[mlpack] GSoC 2018 : Reinforcement Learning

Sat Mar 3 08:09:41 EST 2018

Hello Rajesh,

> The implementation of Prioritized action replay is the smallest among the 3
> ideas proposed as the idea is much simpler than the rest. So, Ideally, the
> implementation of Double DQN and duelling architectures should take somewhere
> between 2-3 months considering all components such as testing etc. And if
> there's time left after that the last extension can be added. Since it is a
> smaller addition and I would be fully familiar with mlpack by then, I think
> adding the last part can be done quickly and can even be done post-summer as I
> feel this component is quite useful to any RL library.

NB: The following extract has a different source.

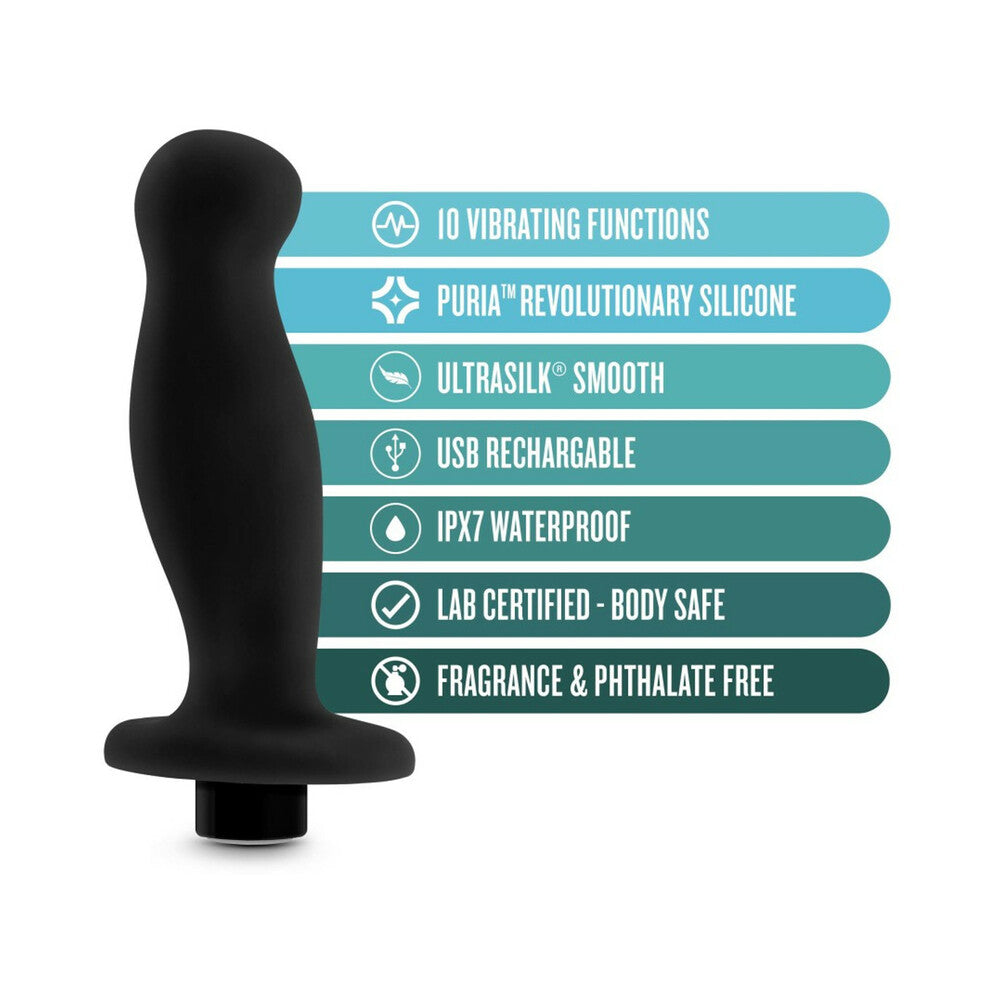 Blush Anal Adventures Platinum Silicone Vibrating Prostate Massager 02 -Black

This sounds reasonable to me, I think every method you mentioned would fit into
the current codebase, so please feel free to choose the methods you find the
most interesting.

> While going through the code though I noticed something surprising: Sangtong
> Zhang has already implemented Dobule DQN. I saw it in this code :
> 
> https://github.com/mlpack/mlpack/blob/master/src/mlpack/methods/reinforcement_le
> arning/q_learning_impl.hpp.
> 
> Also, in one of the comments in the PR at
> https://github.com/mlpack/mlpack/pull/934  , he mentions testing Double DQN
> (comment on 27th May). So I wanted to know if there is something more that is
> required to be done as part of double DQN.

Ah right, we should close the PR to avoid any more confusions, this was just
used to track the overall process.

> If double DQN is already done, then I would propose that duelling architecture
> and noisy nets can be the main part of the project with prioritised action
> replay being the possible extension otherwise the older idea should be an
> achievable target.

Sounds good, note it's possible to improve/extend the existing Double DQN method.

> As you suggested, I went through the code to figure what and all can be extended
> and was very happy to find that the overall code is well structured and hence
> can be well exploited for reuse, such as -

You are absolutely right, make sure to include that in your proposal.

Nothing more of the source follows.